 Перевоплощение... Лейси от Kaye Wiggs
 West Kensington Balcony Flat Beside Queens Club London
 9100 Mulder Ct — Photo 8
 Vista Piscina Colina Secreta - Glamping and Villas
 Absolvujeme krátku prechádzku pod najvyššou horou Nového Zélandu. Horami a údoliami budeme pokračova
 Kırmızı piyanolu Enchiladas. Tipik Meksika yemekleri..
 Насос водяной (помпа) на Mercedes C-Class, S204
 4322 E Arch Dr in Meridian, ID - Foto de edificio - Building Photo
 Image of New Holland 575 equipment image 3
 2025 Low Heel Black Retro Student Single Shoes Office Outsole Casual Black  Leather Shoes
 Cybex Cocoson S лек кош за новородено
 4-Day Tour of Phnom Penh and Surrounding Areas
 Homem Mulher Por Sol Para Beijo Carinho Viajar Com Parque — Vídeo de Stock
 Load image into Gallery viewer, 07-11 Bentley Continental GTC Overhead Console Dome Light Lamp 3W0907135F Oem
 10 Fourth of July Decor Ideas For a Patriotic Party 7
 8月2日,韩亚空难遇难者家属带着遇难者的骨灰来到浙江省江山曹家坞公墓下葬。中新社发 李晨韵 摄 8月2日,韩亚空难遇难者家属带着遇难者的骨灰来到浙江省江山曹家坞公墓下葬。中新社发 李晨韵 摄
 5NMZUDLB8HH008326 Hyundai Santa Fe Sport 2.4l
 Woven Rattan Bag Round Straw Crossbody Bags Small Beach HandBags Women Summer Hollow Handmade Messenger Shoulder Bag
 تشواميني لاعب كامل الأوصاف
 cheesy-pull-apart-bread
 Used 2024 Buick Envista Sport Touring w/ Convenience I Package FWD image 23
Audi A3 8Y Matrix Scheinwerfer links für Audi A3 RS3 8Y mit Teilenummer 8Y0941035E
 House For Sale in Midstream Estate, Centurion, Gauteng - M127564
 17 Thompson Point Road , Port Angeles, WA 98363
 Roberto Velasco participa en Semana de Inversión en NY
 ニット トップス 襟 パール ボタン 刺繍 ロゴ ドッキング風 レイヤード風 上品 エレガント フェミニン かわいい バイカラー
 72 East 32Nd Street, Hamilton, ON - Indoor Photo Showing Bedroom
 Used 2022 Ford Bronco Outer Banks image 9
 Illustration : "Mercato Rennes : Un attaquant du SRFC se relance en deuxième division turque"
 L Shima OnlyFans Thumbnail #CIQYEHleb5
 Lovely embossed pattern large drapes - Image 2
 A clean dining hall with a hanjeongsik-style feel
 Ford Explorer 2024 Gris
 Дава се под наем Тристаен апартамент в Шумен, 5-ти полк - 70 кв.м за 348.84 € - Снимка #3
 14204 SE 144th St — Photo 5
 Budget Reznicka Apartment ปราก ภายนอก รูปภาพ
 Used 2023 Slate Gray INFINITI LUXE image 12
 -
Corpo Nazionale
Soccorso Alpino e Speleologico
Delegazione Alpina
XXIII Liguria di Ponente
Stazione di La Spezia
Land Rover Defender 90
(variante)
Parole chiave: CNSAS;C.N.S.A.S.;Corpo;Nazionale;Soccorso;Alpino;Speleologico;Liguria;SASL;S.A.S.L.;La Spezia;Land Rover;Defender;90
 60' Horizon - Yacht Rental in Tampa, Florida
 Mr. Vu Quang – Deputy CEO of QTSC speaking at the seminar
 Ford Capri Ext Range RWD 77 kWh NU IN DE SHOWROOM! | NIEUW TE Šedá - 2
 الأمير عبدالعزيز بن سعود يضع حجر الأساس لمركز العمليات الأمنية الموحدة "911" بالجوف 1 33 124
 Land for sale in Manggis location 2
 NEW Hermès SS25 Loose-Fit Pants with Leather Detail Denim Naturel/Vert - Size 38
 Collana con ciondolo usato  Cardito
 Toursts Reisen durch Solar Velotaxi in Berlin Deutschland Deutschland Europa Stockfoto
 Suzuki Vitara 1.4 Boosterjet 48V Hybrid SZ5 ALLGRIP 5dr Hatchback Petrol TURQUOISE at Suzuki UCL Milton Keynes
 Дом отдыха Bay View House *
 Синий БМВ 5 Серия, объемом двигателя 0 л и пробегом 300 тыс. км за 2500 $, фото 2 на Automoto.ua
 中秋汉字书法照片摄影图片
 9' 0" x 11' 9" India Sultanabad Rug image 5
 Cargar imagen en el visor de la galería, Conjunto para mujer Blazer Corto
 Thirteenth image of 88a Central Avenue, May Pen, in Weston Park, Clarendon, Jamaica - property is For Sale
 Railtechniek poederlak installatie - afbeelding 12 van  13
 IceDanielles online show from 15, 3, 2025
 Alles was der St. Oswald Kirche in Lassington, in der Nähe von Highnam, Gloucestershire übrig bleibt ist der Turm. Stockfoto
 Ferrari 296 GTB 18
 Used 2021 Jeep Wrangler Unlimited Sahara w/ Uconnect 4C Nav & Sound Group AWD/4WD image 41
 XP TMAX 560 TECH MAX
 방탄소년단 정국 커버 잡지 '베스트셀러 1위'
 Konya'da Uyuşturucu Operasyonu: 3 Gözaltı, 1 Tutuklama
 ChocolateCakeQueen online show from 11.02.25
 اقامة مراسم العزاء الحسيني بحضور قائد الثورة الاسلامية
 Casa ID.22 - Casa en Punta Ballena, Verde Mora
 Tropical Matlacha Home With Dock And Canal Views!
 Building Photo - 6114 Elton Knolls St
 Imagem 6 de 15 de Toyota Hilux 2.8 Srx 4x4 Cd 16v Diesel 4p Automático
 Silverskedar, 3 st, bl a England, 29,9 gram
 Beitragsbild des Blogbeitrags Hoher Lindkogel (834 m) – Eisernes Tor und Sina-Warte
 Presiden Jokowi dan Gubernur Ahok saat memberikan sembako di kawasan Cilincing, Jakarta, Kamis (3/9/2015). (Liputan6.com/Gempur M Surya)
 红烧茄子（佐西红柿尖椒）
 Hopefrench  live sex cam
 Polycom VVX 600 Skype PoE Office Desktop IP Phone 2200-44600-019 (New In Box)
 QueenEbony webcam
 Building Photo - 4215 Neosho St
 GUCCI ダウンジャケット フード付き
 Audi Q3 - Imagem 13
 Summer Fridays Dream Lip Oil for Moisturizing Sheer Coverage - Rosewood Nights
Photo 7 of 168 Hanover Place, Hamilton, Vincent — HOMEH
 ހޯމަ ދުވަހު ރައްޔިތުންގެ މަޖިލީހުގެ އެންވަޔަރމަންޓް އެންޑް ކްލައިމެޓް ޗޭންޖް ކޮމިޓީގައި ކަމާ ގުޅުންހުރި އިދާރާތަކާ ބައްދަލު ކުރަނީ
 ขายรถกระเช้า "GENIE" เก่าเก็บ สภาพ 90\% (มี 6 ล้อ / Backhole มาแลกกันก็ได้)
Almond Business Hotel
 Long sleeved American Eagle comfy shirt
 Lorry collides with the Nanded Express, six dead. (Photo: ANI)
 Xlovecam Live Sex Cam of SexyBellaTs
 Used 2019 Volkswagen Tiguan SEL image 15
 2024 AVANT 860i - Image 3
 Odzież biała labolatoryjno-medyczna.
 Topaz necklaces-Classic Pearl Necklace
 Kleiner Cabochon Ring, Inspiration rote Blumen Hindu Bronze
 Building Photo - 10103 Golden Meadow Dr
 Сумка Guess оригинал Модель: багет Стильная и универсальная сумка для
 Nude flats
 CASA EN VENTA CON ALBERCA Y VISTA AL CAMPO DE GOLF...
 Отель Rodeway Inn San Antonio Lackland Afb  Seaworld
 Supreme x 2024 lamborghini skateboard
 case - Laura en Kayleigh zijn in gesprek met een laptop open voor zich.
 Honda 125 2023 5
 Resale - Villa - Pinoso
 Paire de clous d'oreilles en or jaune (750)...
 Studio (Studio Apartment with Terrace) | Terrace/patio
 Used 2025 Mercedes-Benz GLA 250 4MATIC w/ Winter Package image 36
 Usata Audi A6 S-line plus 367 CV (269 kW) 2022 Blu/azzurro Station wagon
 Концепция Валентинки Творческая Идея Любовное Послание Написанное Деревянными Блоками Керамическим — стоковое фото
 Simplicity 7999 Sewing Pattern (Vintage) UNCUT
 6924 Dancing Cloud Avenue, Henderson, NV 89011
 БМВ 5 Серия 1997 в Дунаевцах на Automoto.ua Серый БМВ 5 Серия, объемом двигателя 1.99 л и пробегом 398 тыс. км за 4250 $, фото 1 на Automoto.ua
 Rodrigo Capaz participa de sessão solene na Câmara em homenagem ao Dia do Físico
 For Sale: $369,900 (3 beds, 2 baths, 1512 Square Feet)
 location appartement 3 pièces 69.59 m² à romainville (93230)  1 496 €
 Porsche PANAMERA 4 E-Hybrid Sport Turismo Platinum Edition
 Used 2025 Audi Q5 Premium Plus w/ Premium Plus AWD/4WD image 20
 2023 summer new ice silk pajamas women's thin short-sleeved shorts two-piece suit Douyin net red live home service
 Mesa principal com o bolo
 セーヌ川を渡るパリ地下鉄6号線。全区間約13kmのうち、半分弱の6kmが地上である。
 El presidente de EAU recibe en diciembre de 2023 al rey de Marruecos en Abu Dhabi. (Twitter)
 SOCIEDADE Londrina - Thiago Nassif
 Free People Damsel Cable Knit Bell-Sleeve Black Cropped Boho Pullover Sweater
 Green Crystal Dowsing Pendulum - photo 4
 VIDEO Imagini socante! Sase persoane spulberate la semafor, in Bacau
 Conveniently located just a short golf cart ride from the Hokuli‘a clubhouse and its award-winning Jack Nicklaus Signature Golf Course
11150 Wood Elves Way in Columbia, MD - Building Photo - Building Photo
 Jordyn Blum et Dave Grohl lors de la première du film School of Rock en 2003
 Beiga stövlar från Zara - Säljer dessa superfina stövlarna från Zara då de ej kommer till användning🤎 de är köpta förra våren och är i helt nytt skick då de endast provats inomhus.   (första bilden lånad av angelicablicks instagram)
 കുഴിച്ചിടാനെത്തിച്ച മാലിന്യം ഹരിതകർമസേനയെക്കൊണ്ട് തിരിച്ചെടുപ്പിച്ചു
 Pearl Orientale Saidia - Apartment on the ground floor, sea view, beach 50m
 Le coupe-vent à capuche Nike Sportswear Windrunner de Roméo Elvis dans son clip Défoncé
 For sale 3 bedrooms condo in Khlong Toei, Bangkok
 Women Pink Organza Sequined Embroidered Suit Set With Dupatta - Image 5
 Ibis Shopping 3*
============
Brief:
This exercise asks for an exact repeat of the lines from the one holding "Beiga stövlar från" through the end of the data above.

Answer:
 Beiga stövlar från Zara - Säljer dessa superfina stövlarna från Zara då de ej kommer till användning🤎 de är köpta förra våren och är i helt nytt skick då de endast provats inomhus.   (första bilden lånad av angelicablicks instagram)
 കുഴിച്ചിടാനെത്തിച്ച മാലിന്യം ഹരിതകർമസേനയെക്കൊണ്ട് തിരിച്ചെടുപ്പിച്ചു
 Pearl Orientale Saidia - Apartment on the ground floor, sea view, beach 50m
 Le coupe-vent à capuche Nike Sportswear Windrunner de Roméo Elvis dans son clip Défoncé
 For sale 3 bedrooms condo in Khlong Toei, Bangkok
 Women Pink Organza Sequined Embroidered Suit Set With Dupatta - Image 5
 Ibis Shopping 3*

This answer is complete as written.